IBM researchers are using AI models to study diseases such as Alzheimer’s or the prediction and design of immune responses and the study shows that artificial intelligence can be really helpful for early diagnosis.
If there is one area where innovation and, specifically, technologies such as AI or Machine Learning are playing a leading role, it is undoubtedly the area of healthcare.
Improving treatments, accelerating the development of drugs, or predicting certain diseases are just some of the goals currently being pursued by major technology companies around the world.
IBM wanted to show how its researchers are using certain AI models for the early detection of Alzheimer’s disease; the study of the relationship between the sense of smell; the detection, correction, and use of unbiased data for diagnoses and treatments in dermatology; or the prediction and design of immune responses.
AI can be a key factor for early diagnosis
For example, Guillermo Cecchi, Manager of IBM Thomas J. Watson Research Center’s Computational Psychiatry and Neuroimaging Laboratory, explained how IBM Research and Pfizer have developed a new artificial intelligence (AI) model that uses short, non-invasive, standardized speech tests to help predict the eventual onset of Alzheimer’s disease in cognitively healthy people with an accuracy of 0.7 and an AUC of 0.74 (area under the curve).
These predictions were made against data samples from a group of cognitively healthy people who did or did not eventually develop the disease later in life, allowing the researchers to verify the prediction accuracy of the AI model. This is a significant increase over predictions based on clinical scales (59%) and random choice (50%).

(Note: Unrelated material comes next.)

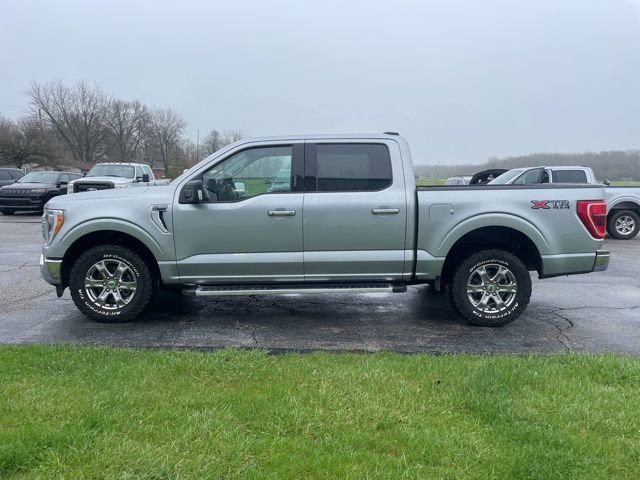 Used 2023 Ford F150 XLT w/ Equipment Group 302A High AWD/4WD image 11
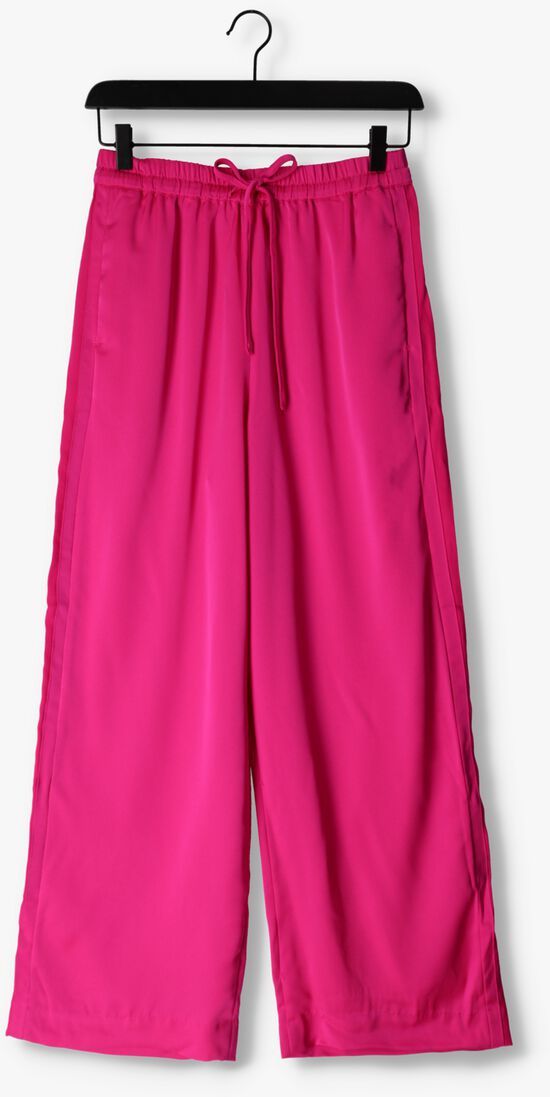 CO\\'COUTURE roze co'couture wijde broek eliah pant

IBM shows how AI can be used for health purposes
Another research explained by Celia Cintas, AI Science researcher at IBM Research Africa in the Nairobi Laboratory (Kenya) aims to end the biases of AI and Machine Learning models in the detection of dermatological diseases.

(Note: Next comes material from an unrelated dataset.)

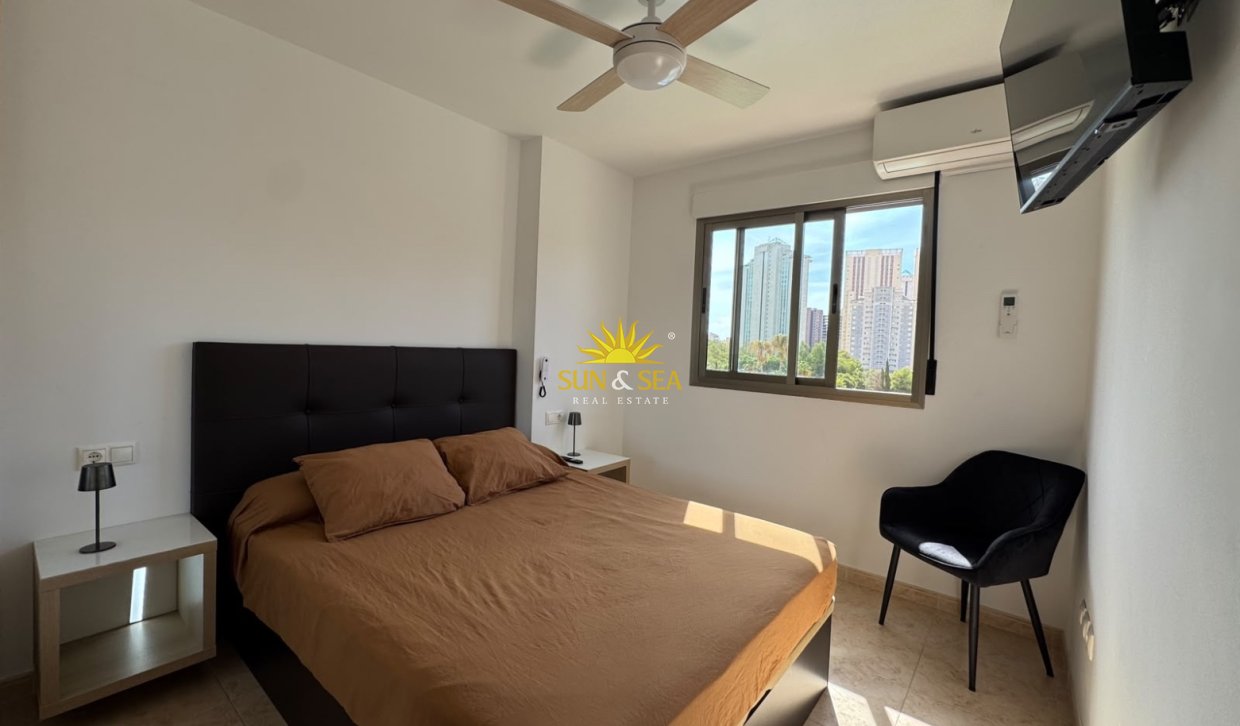 Location d’hiver - Appartement - Villajoyosa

As Celia Cintas explained, in the research they discovered that the data used to train AI models are mostly made up of images of the Caucasian population, which can reduce the ability of these models to detect skin diseases in other patients and their corresponding negative impact on the quality of care and treatment that people receive.
For example, in populations of African descent, melanoma is commonly diagnosed at late stages. In addition, the paucity of images of the cutaneous manifestations of COVID-19 in Latin and African-descent patients is a problem, as it hinders clinical diagnosis.